Required work:
Of the lines in the material below, print only those from the one containing "BMW Series 3" to the one containing "Toyota Yaris 1.4 D-4D Multi Mode Sol - 2", ends included, exactly as written and without pictures.

━━━━━━━━━━━━━━━━━━━━

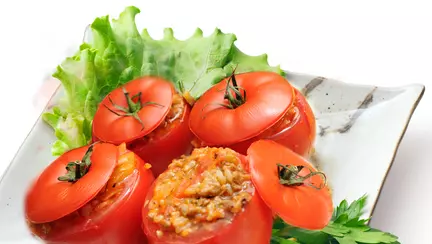 Roșii portugheze cu orez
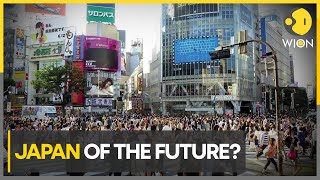 China on its way to become Japan of 1990s  WION  World Business Watch [upl. by Akiraa]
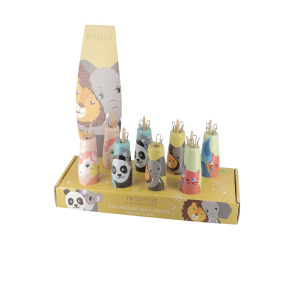 Tricotin pour enfant modèle bois "Collection BBF"
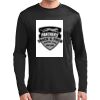 Long Sleeve PosiCharge ® Competitor™ Tee Thumbnail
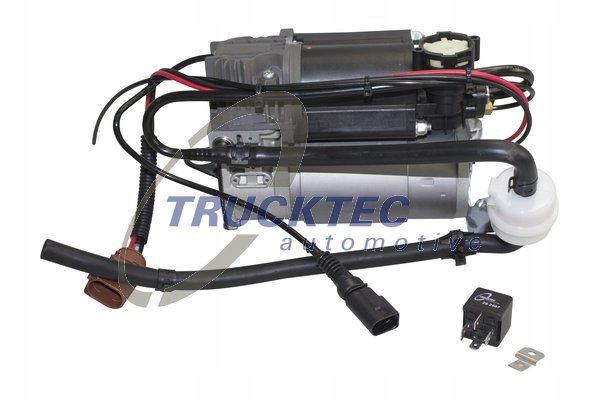 COMPRESOR SUSPENSIONES PNEUMATYCZNEGO AUDI A6 C6 04- 11 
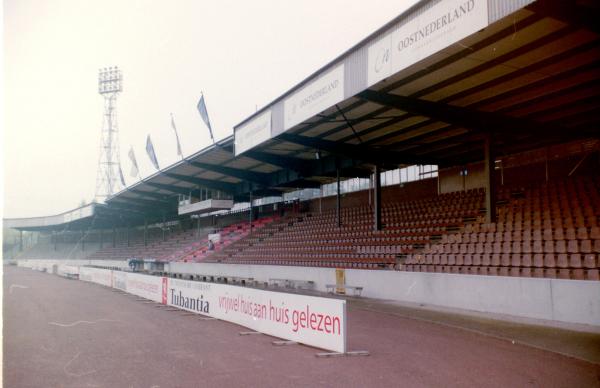 Stadion Het Diekman - Enschede-Hogeland-Velve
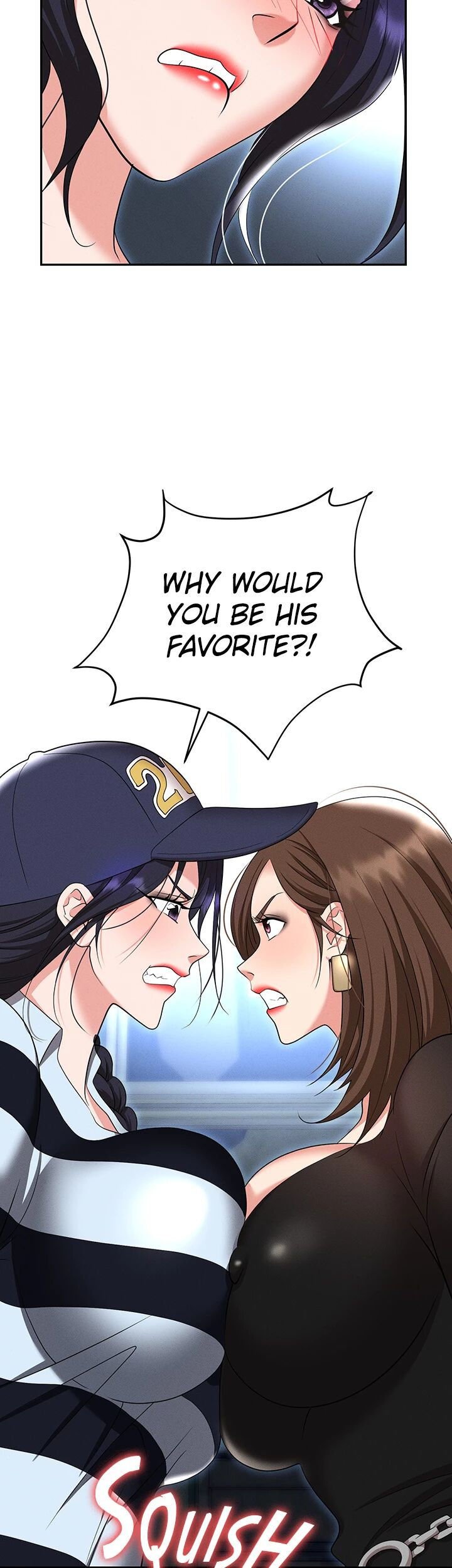 Boobie Trap Chapter 89 - The End image 53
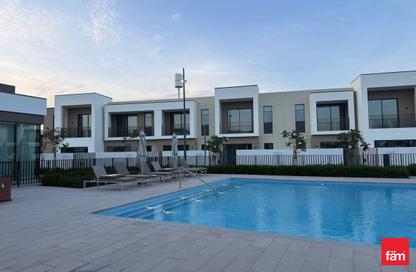 Townhouse - 3 Bedrooms - 4 Bathrooms for rent in Raya - Arabian Ranches 3 - Dubai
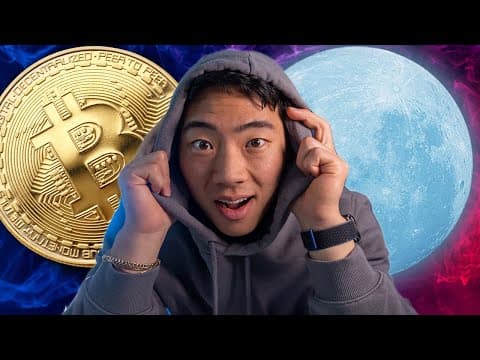 HUGE CRYPTO Recovery SOON!? THIS IS IT. thumbnail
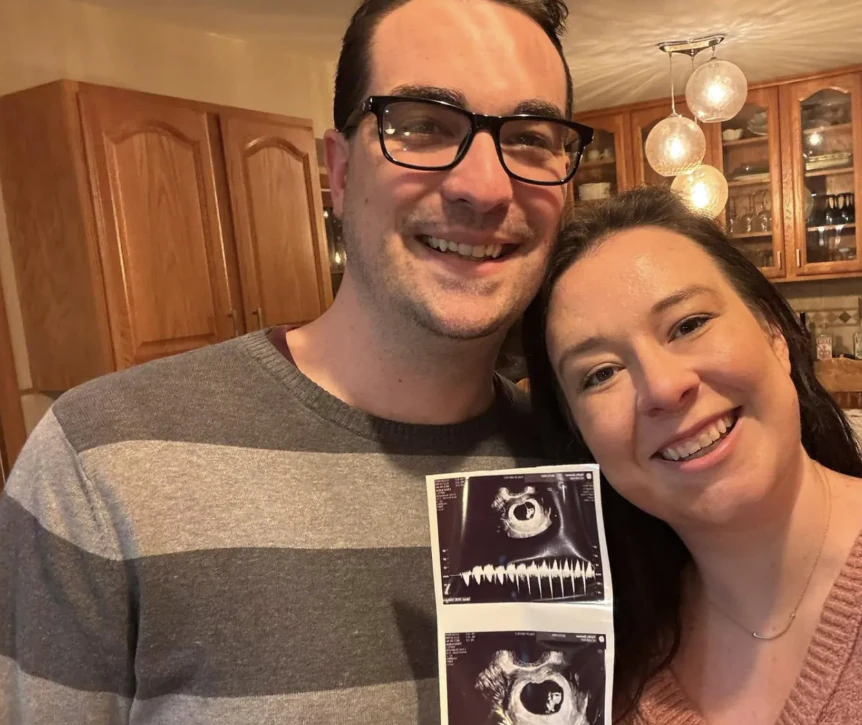 Summer Equitz, 31, announced she was pregnant late last year. Credit: Facebook/@Summer Equitz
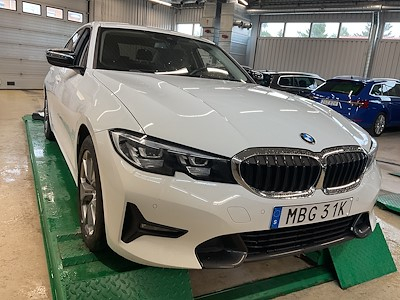 BMW Series 3 330e Connected Pro HiFI Rattvare Carplay/Android Auto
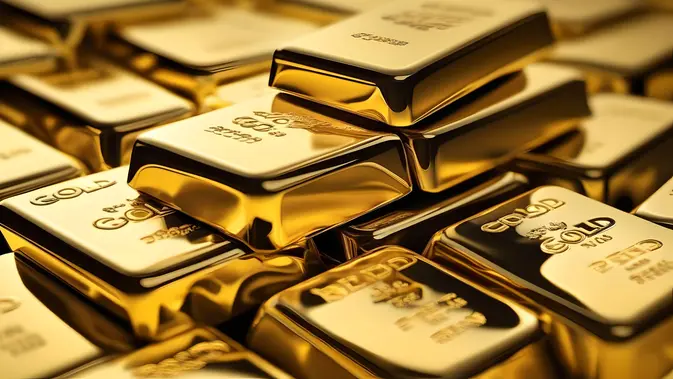 Harga Emas Antam Naik Rp 18.000 Jadi Rp 2,695 Juta per Gram, Pegadaian dan Hartadinata Kompak Turun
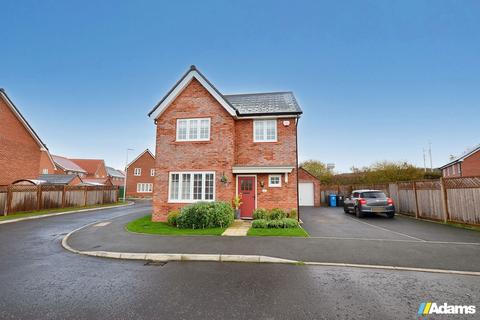 4 bedroom detached house for sale, St.Neots Place, Sandymoor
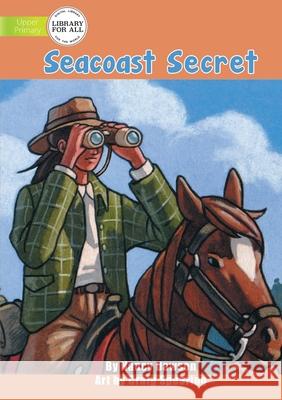 Seacoast Secret Nancy Dawson Craig Spearing 9781922374738 Library for All - książka
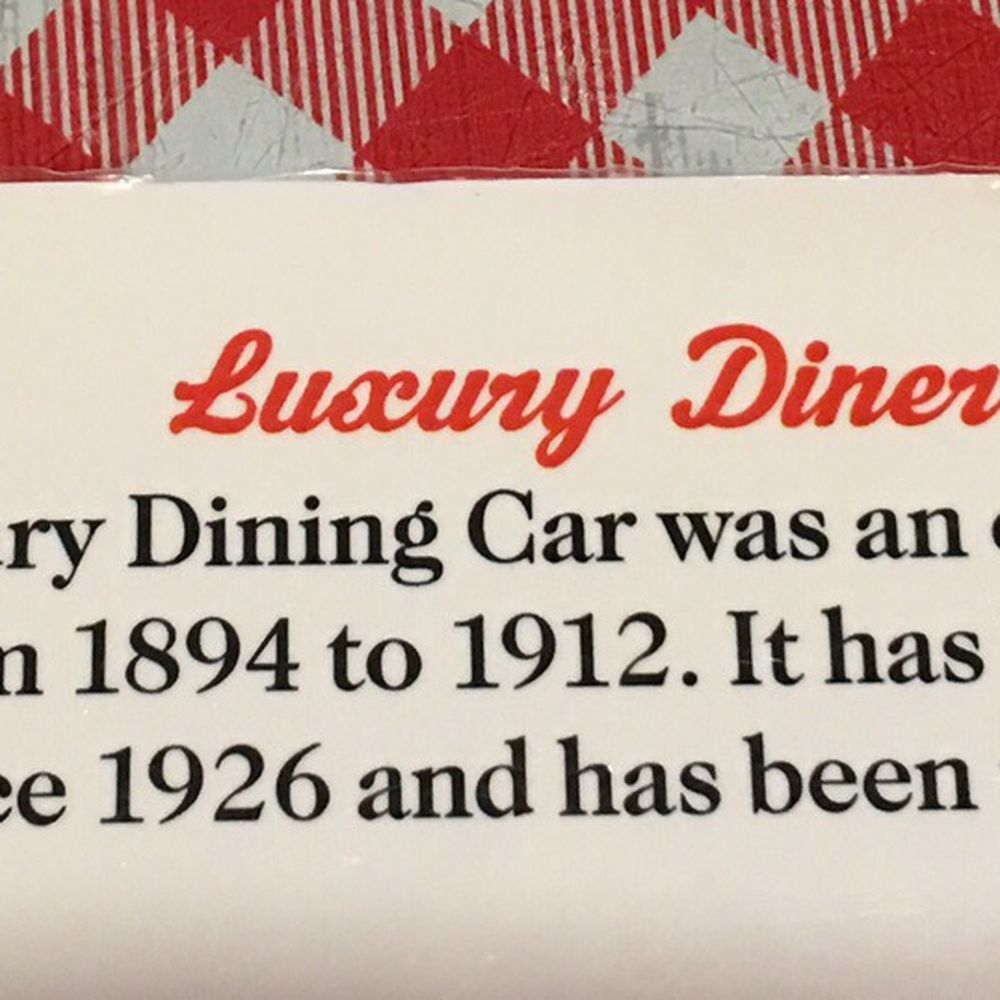 Luxury Diner - History - Diners Near Me - Cheyenne, Wyoming Luxury Diner - History - Diners Near Me - Cheyenne, Wyoming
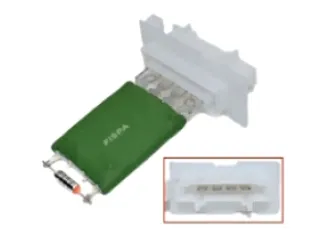 RESISTOR CHEVROLET CORSA II/MERIVA / CITROEN BERLINGO / PEUGEOT PARTNER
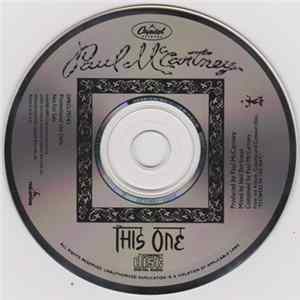 Paul McCartney - This One flac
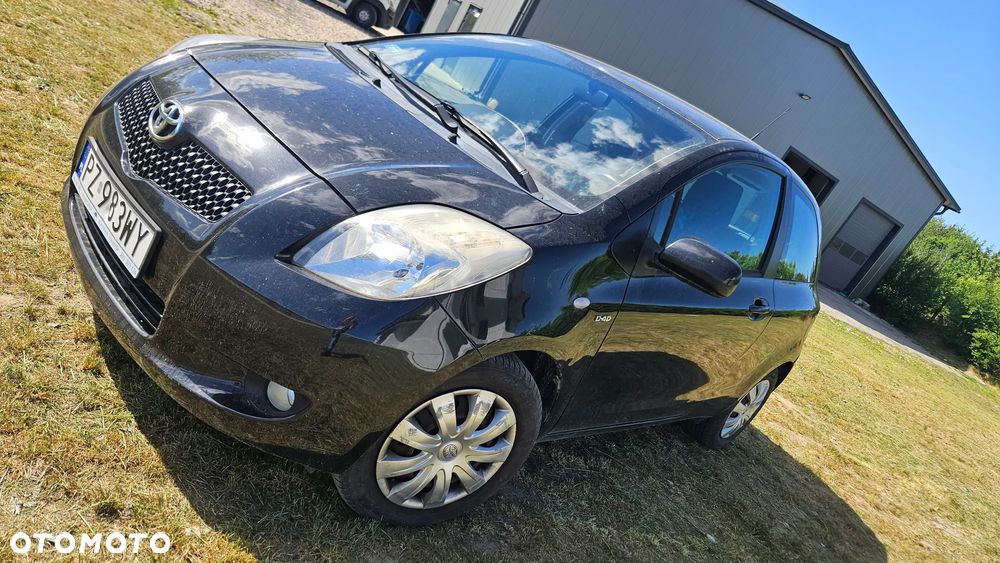 Toyota Yaris 1.4 D-4D Multi Mode Sol - 2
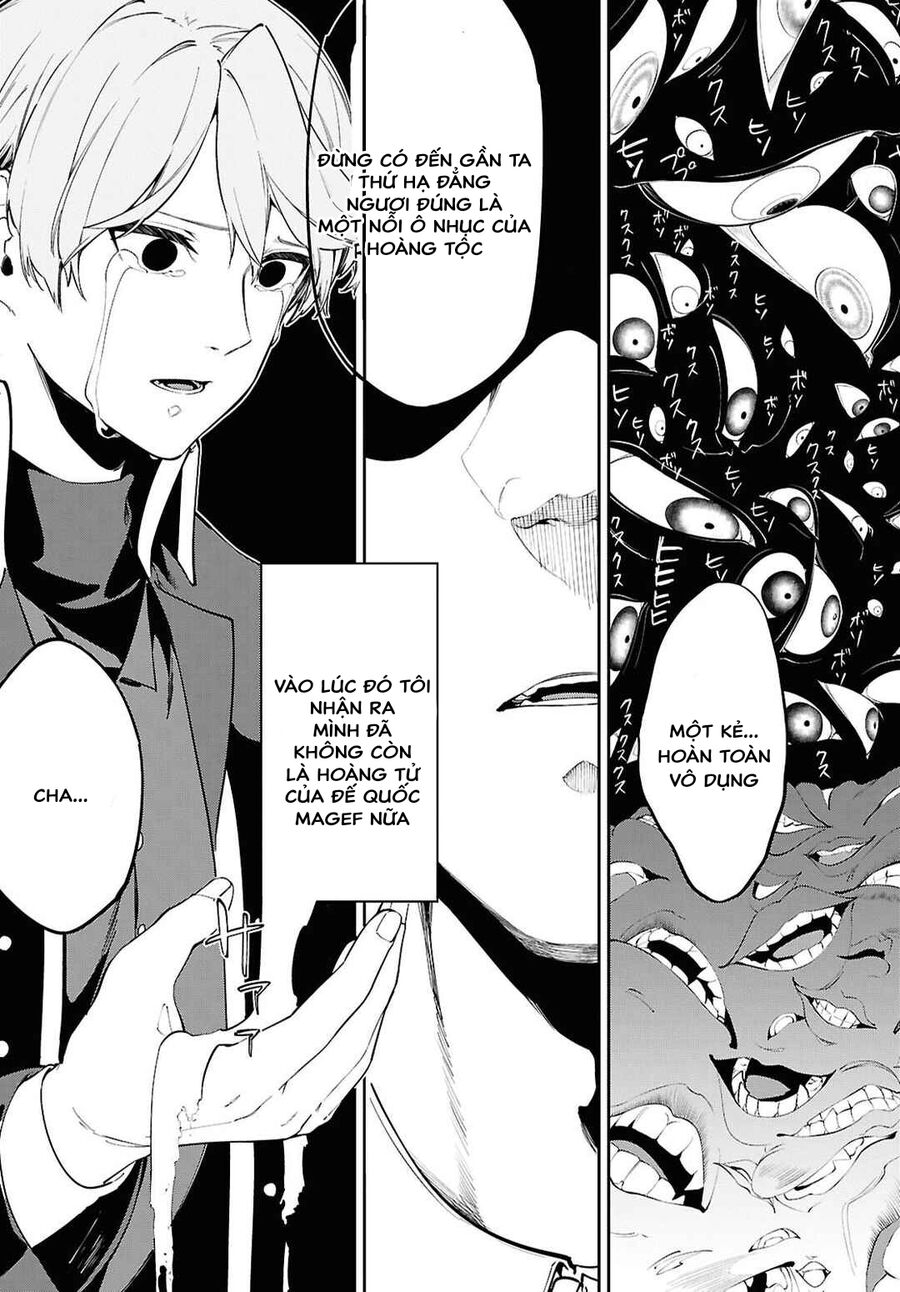 Hãy Cùng Xây Dựng Một Vương Quốc Bằng Ma Pháp Điều Khiển Cát Chapter 1 - 11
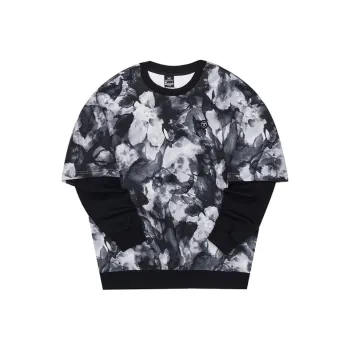 361° Sweatshirt Men's Pure Black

━━━━━━━━━━━━━━━━━━━━

Result:
 BMW Series 3 330e Connected Pro HiFI Rattvare Carplay/Android Auto
 Harga Emas Antam Naik Rp 18.000 Jadi Rp 2,695 Juta per Gram, Pegadaian dan Hartadinata Kompak Turun
 4 bedroom detached house for sale, St.Neots Place, Sandymoor
 Seacoast Secret Nancy Dawson Craig Spearing 9781922374738 Library for All - książka
 Luxury Diner - History - Diners Near Me - Cheyenne, Wyoming Luxury Diner - History - Diners Near Me - Cheyenne, Wyoming
 RESISTOR CHEVROLET CORSA II/MERIVA / CITROEN BERLINGO / PEUGEOT PARTNER
 Paul McCartney - This One flac
 Toyota Yaris 1.4 D-4D Multi Mode Sol - 2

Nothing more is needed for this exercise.